It happened that when I left that school three or four years later and was a student at University (in those days you could get into University if you could pass the exam very young), to make a bit of extra money I did some tutoring at my old school. I met the headmaster again, who was, by now, some years older, and we used to talk occasionally. He once referred to this event, and he said something which gave me great surprise: ‘Yes, your brother struck a blow at the very foundations of our system of competing sections. His section was so far down, and when we heard about that meeting in which he told the members to do as they liked because there was no way of winning now anyway, we decided to take some very unusual measures to bring your brother’s section back into contention.’

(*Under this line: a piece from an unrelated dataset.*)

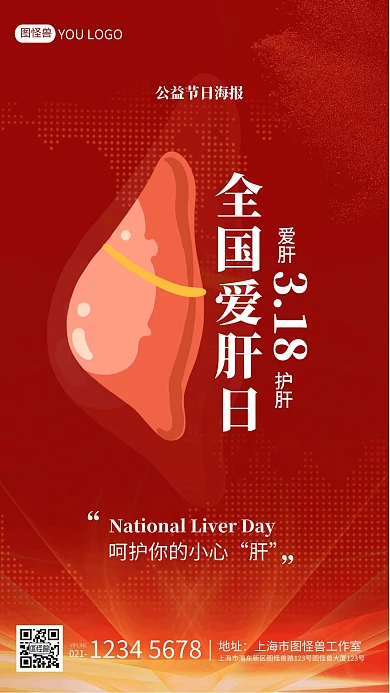 红色大气全国爱肝日医疗小节日手机海报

For the first time I realised that the absence of the form master and the extraordinary generosity of the visiting master had all been planned. This was my first introduction to the subtleties of the ways of politics in the world, but it is an example, to us, of cause and effect. All the actions seemed quite natural to us; the form master was taken away on business and the new master came in. Naturally enough perhaps, he didn’t quite understand what he was supposed to do, and he was a nice man and marked us generously. It could all be explained as simple cause and effect but really there was a secret plan by the headmaster to bring the section up.

Similarly, there is a cosmic plan which is aimed at bringing men to live, first of all, dynamic lives in search of success in the world, and the legitimate pleasures of the world, obtained in the right way. But, finally, its purpose is to lead them in freeing the God within them and thus become liberated. The world looks, simply enough, like a chain of cause and effect on which human action can have some influence, but chance has the most influence. In S’ankara’s view every action and every event is part of a cosmic action. There are regularities, but they are not mechanical; they are determined by the cosmic ruler, who enters into every atom and controls it from within.

The Gita, in the verses around Chapter III,26, says: ‘The wise man should not upset the minds of men who are still attached to cause and effect and feel themselves to be acting and agents, but he should encourage them to act in a dharmic or righteous way. He himself, although he has no personal motives whatever, should perform these actions as they do, with the same enthusiasm that they have. In his case, he is inwardly detached and he is not bound, he does not make any claim on the results, any personal claim to the results, but he is aware of the cosmic purpose and he performs the actions efficiently, but in that sense.’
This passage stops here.